▶ **Exercise prompt**
The entries are to be reproduced word for word, with all images left out.

▶ **Records**

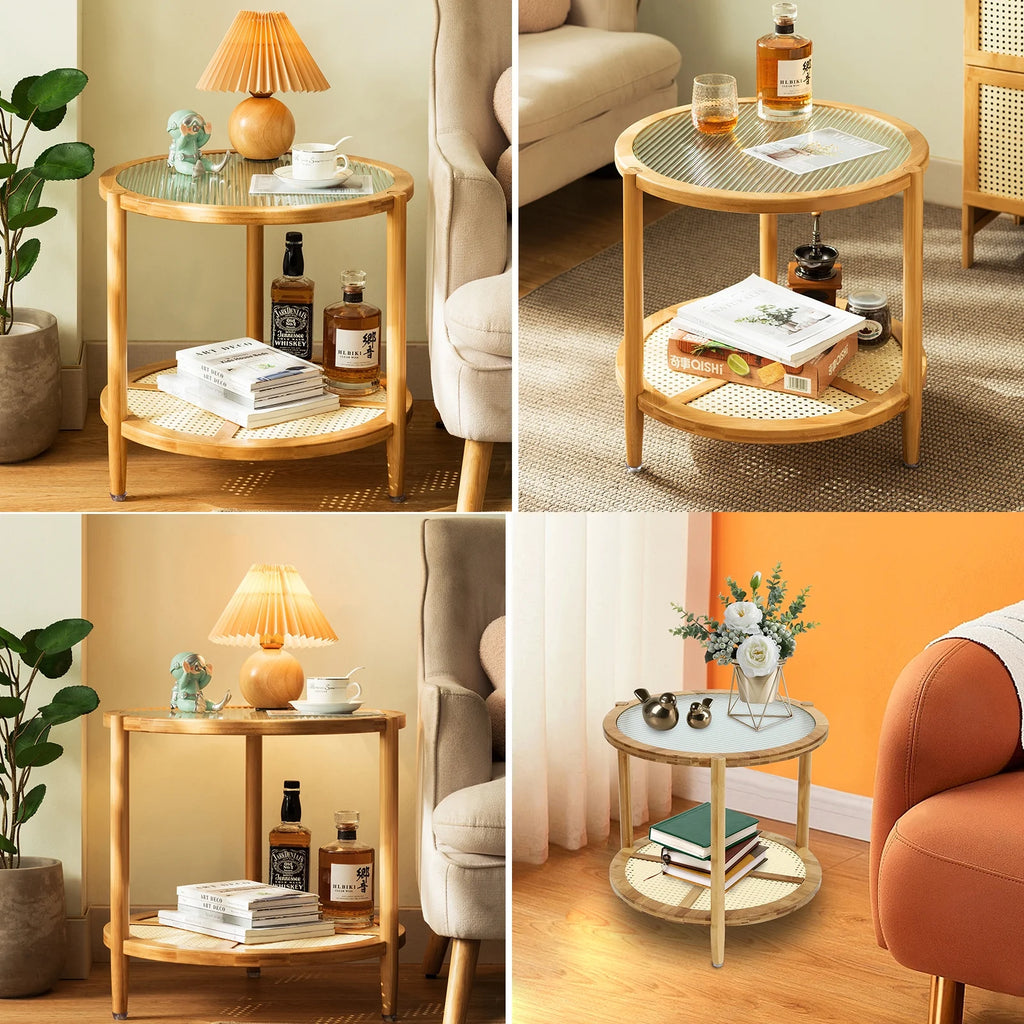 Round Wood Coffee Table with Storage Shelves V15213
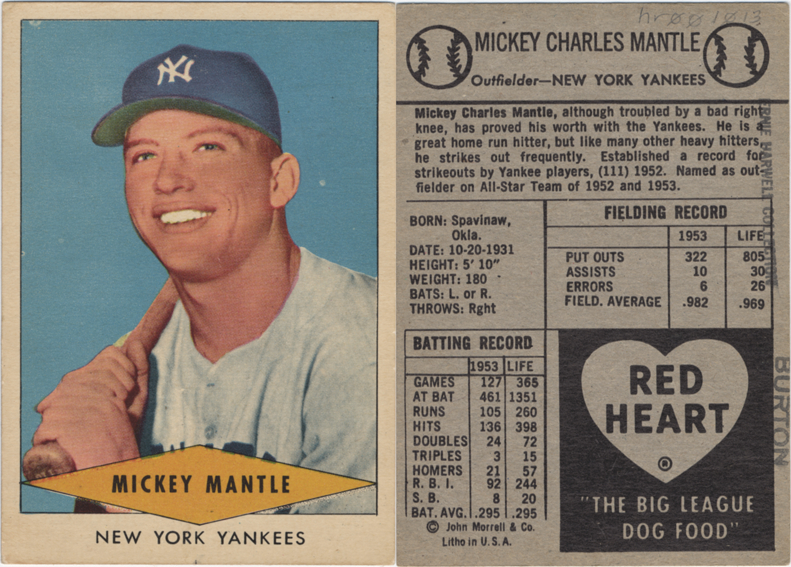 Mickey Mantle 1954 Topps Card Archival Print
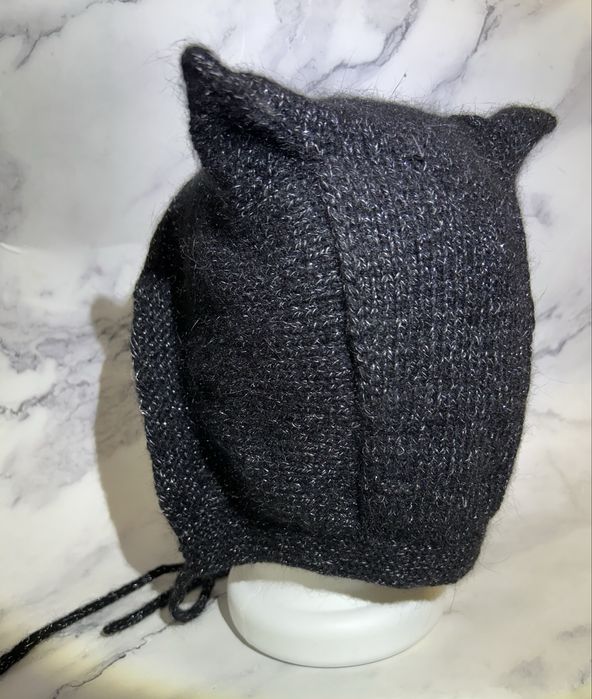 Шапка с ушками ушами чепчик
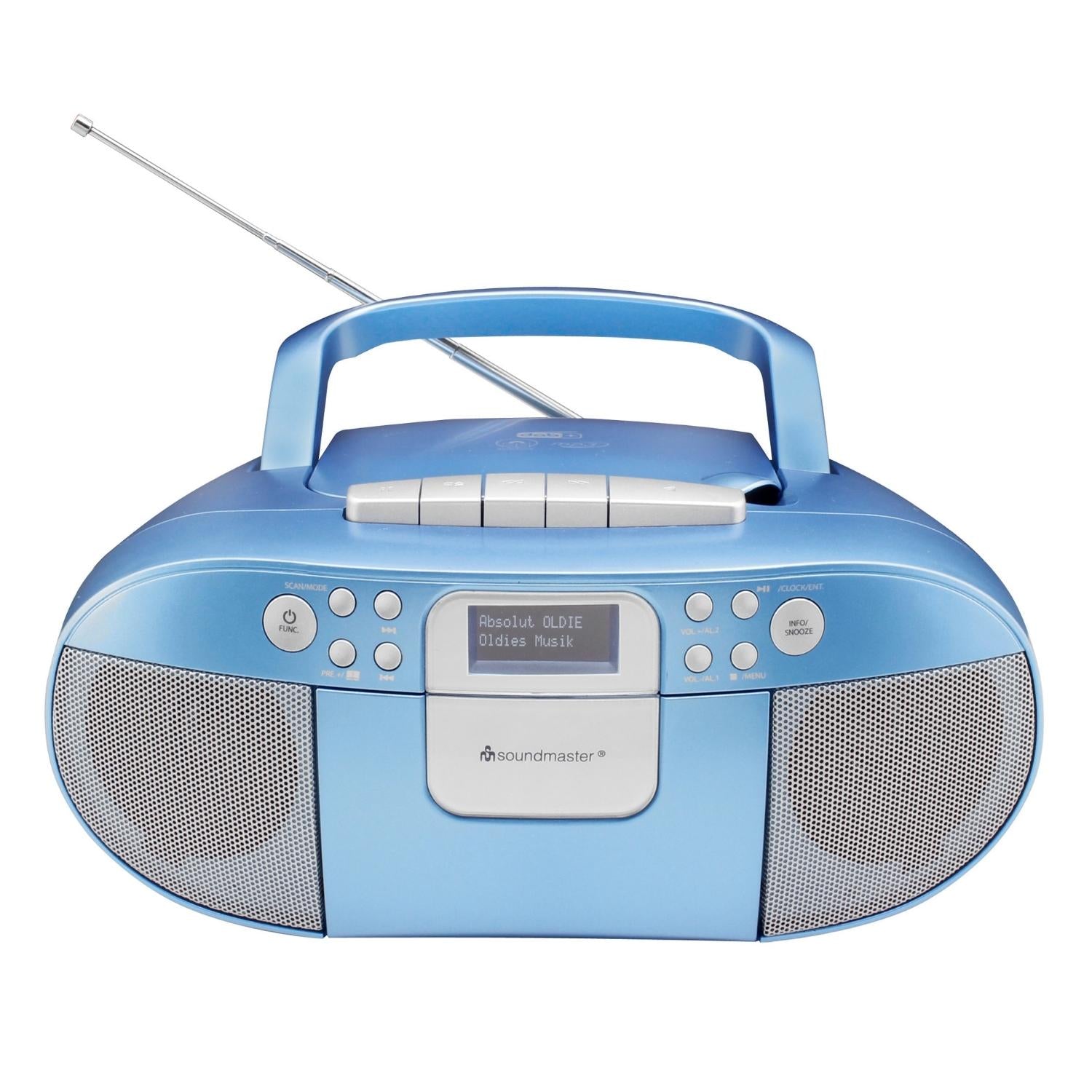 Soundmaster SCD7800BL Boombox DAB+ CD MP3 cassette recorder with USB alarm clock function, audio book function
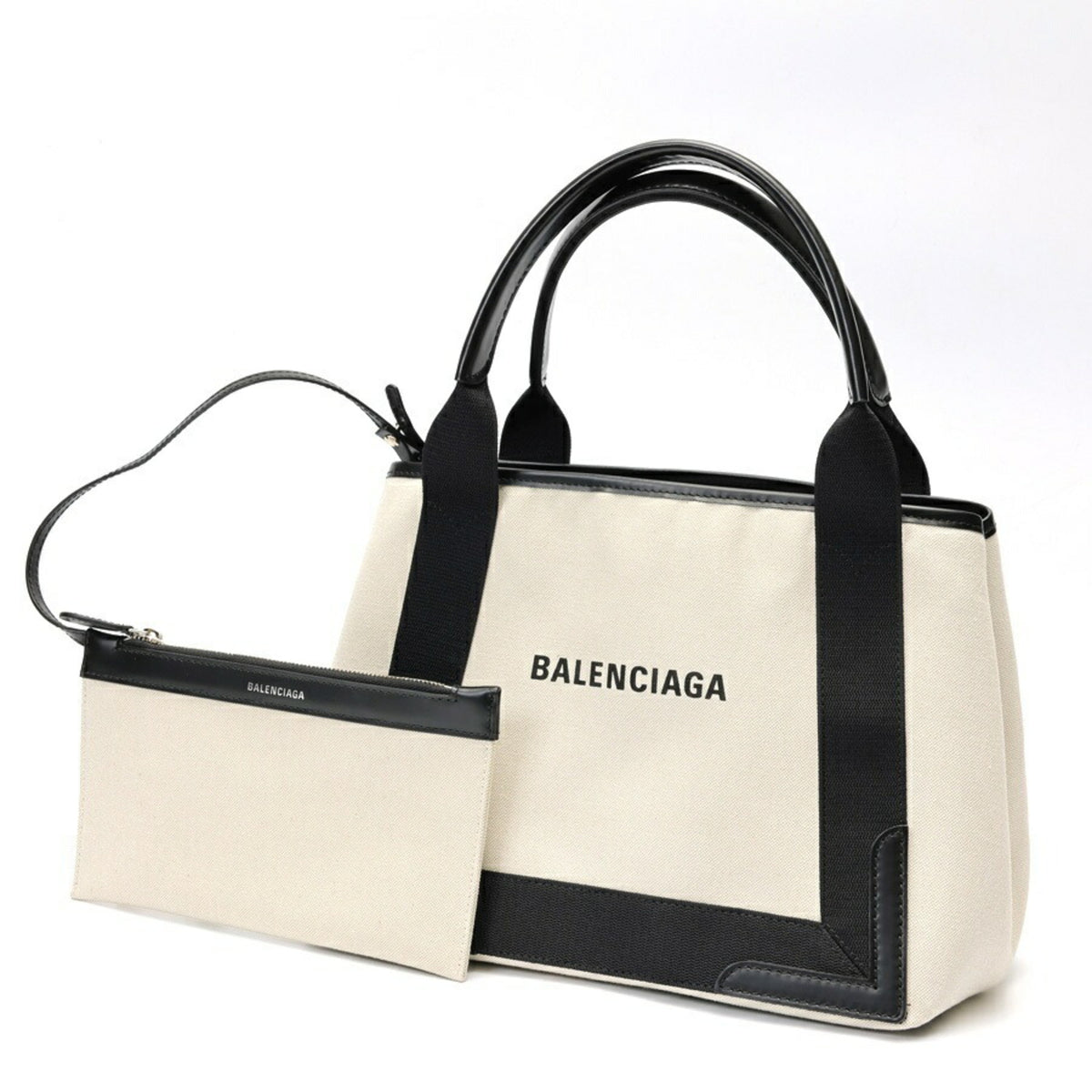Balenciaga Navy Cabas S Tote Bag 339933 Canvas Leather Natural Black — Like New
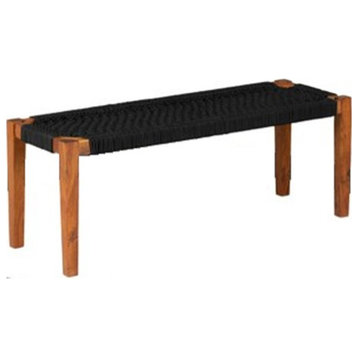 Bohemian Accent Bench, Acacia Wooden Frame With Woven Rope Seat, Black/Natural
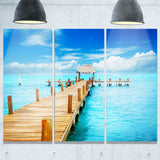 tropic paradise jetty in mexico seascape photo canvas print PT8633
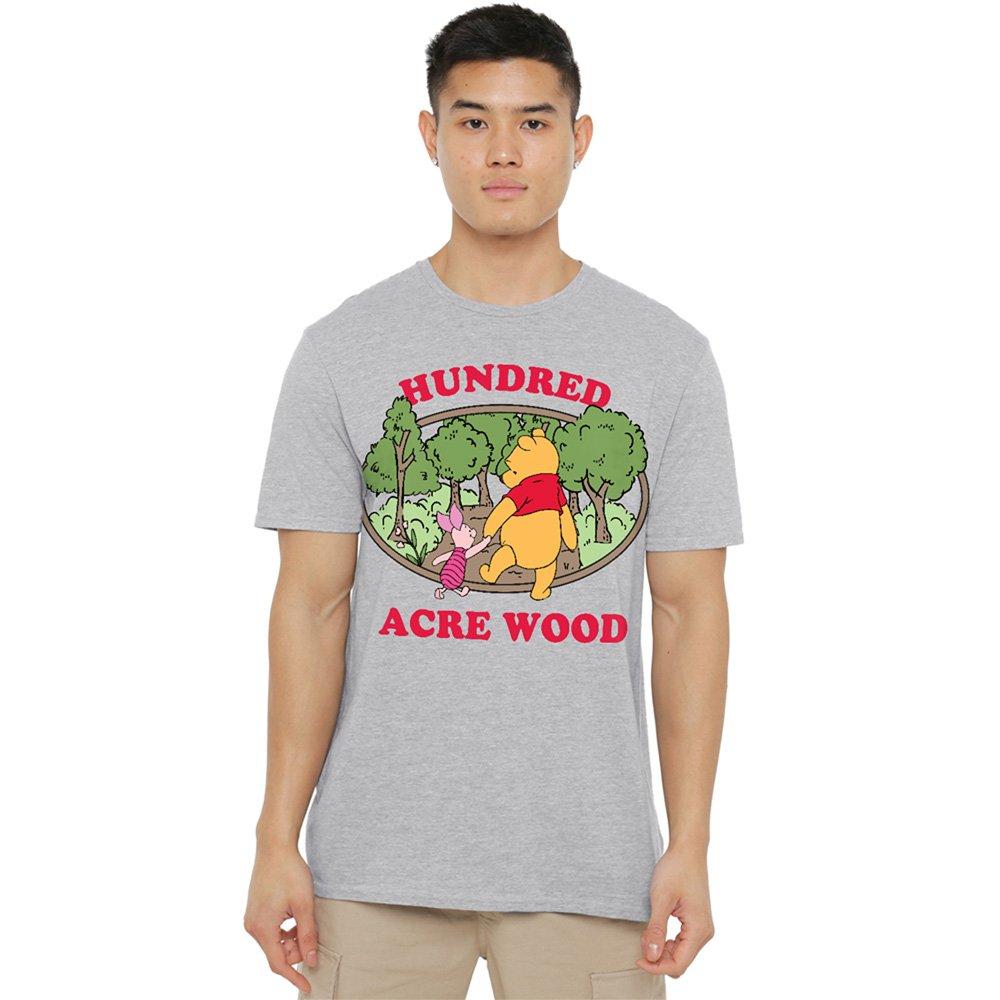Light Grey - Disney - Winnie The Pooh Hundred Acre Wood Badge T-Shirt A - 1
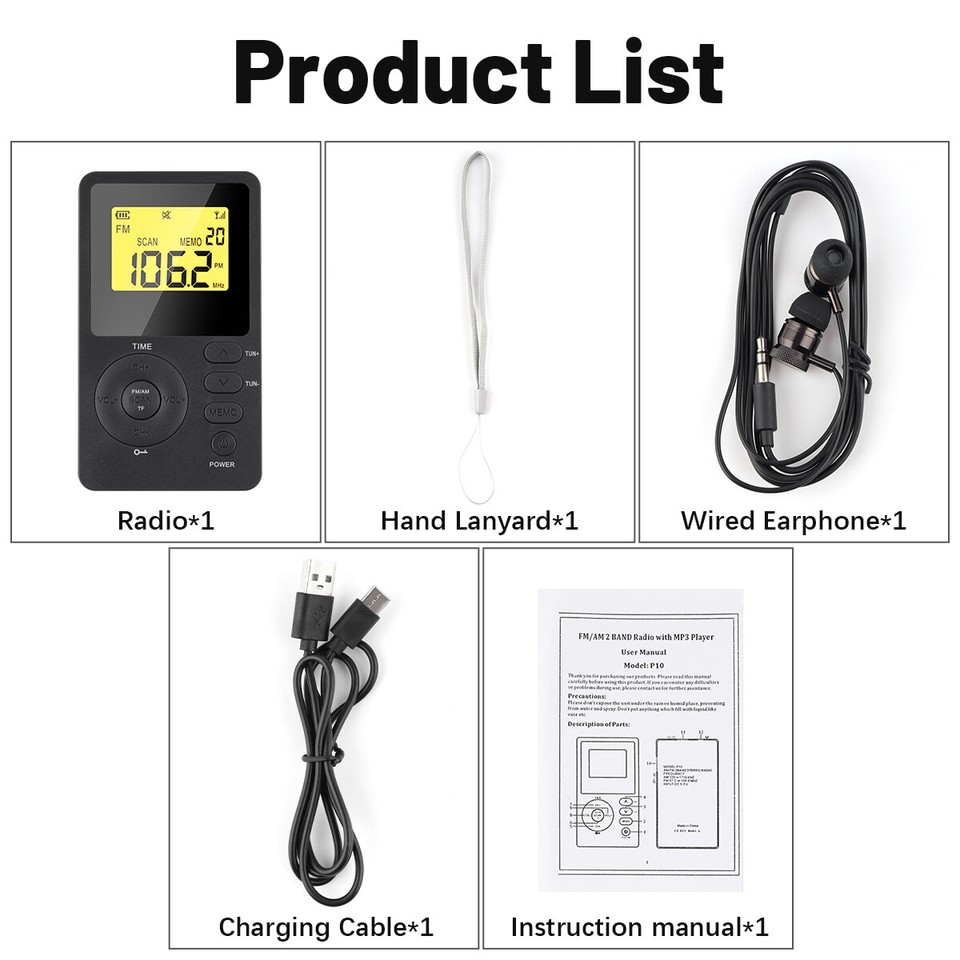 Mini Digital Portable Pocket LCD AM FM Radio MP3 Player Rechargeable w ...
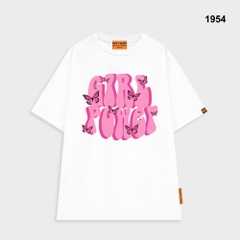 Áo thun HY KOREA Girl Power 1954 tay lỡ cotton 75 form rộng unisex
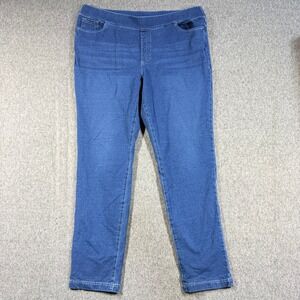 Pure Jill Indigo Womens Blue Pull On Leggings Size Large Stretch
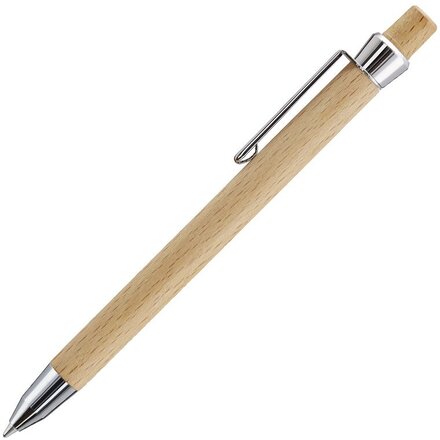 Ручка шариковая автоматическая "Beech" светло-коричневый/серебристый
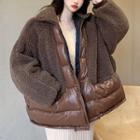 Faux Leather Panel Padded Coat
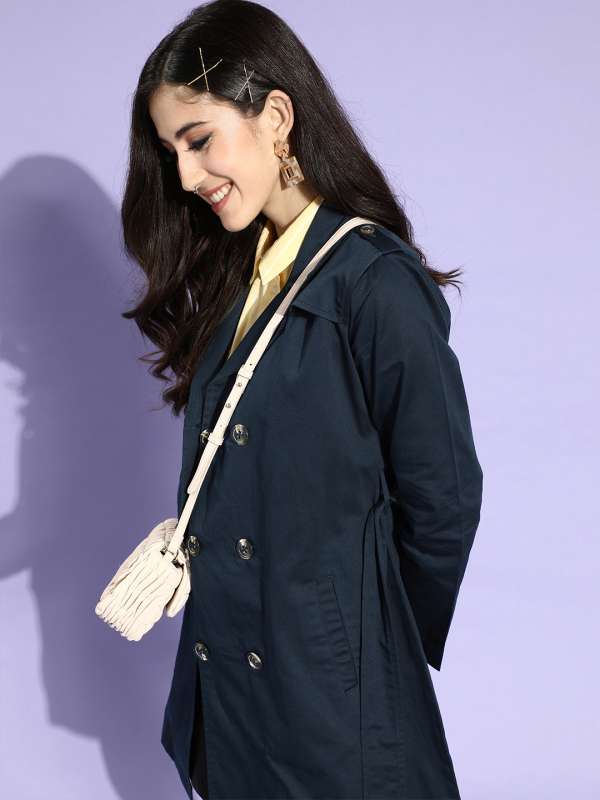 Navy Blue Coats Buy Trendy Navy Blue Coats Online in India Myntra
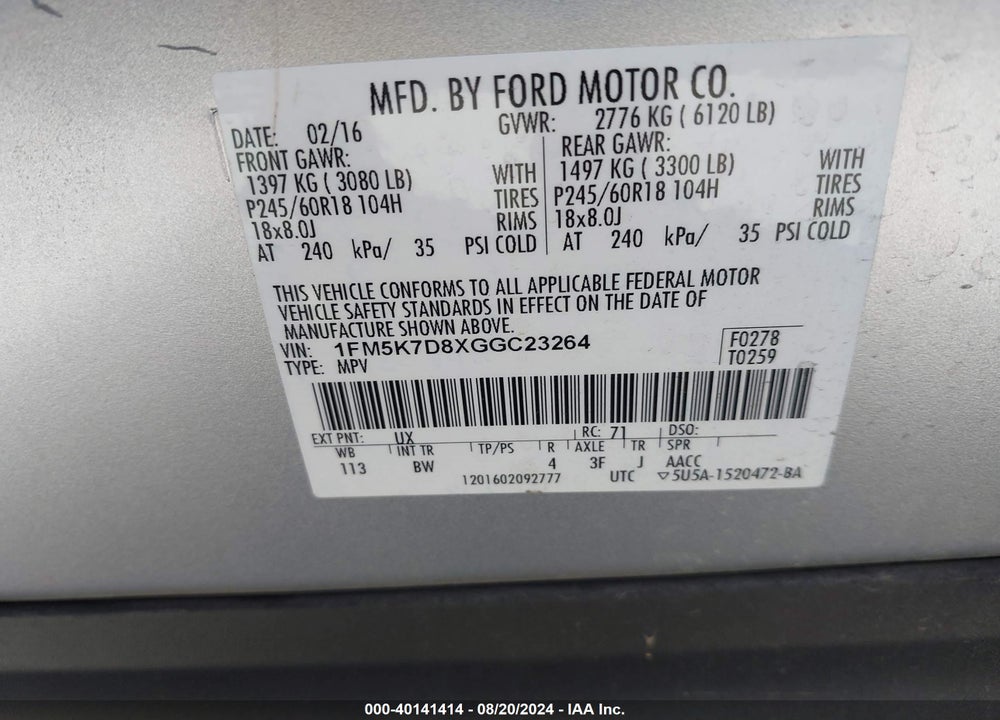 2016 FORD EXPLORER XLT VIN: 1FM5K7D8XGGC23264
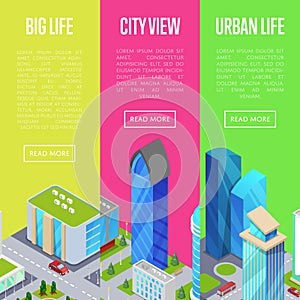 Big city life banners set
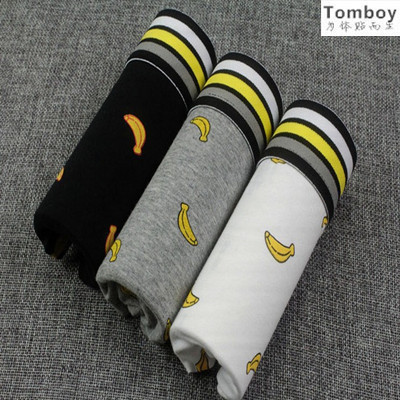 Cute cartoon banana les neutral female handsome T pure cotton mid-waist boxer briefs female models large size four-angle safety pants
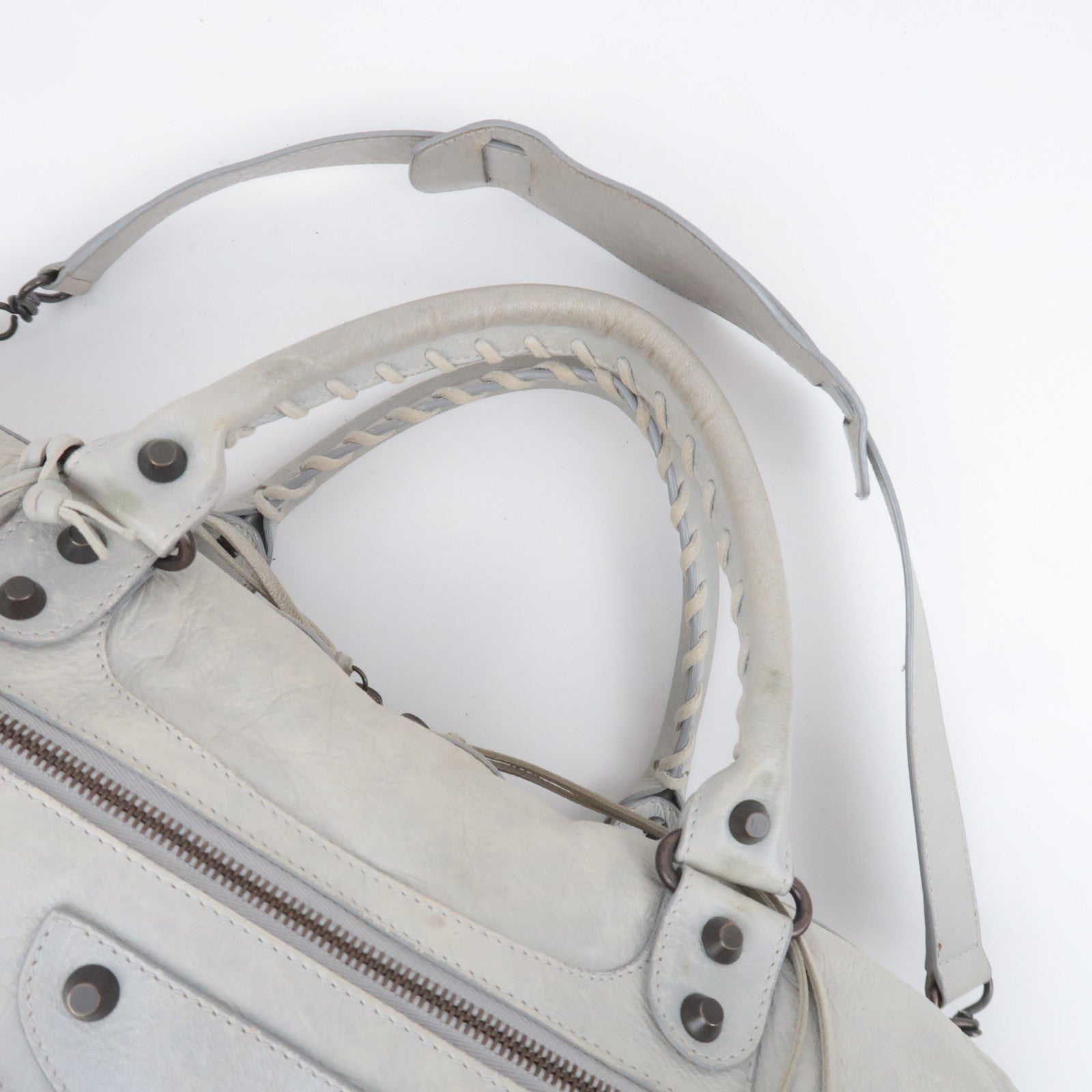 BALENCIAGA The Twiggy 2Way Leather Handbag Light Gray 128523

▶ **Answer space**
 Round Wood Coffee Table with Storage Shelves V15213
 Mickey Mantle 1954 Topps Card Archival Print
 Шапка с ушками ушами чепчик
 Soundmaster SCD7800BL Boombox DAB+ CD MP3 cassette recorder with USB alarm clock function, audio book function
Balenciaga Navy Cabas S Tote Bag 339933 Canvas Leather Natural Black — Like New
 Bohemian Accent Bench, Acacia Wooden Frame With Woven Rope Seat, Black/Natural
 tropic paradise jetty in mexico seascape photo canvas print PT8633
Light Grey - Disney - Winnie The Pooh Hundred Acre Wood Badge T-Shirt A - 1
 Mini Digital Portable Pocket LCD AM FM Radio MP3 Player Rechargeable w ...
 Áo thun HY KOREA Girl Power 1954 tay lỡ cotton 75 form rộng unisex
 Pure Jill Indigo Womens Blue Pull On Leggings Size Large Stretch
 Ручка шариковая автоматическая "Beech" светло-коричневый/серебристый
 Faux Leather Panel Padded Coat
 Navy Blue Coats Buy Trendy Navy Blue Coats Online in India Myntra
 2016 FORD EXPLORER XLT VIN: 1FM5K7D8XGGC23264
 Big city life banners set
 Cute cartoon banana les neutral female handsome T pure cotton mid-waist boxer briefs female models large size four-angle safety pants
 BALENCIAGA The Twiggy 2Way Leather Handbag Light Gray 128523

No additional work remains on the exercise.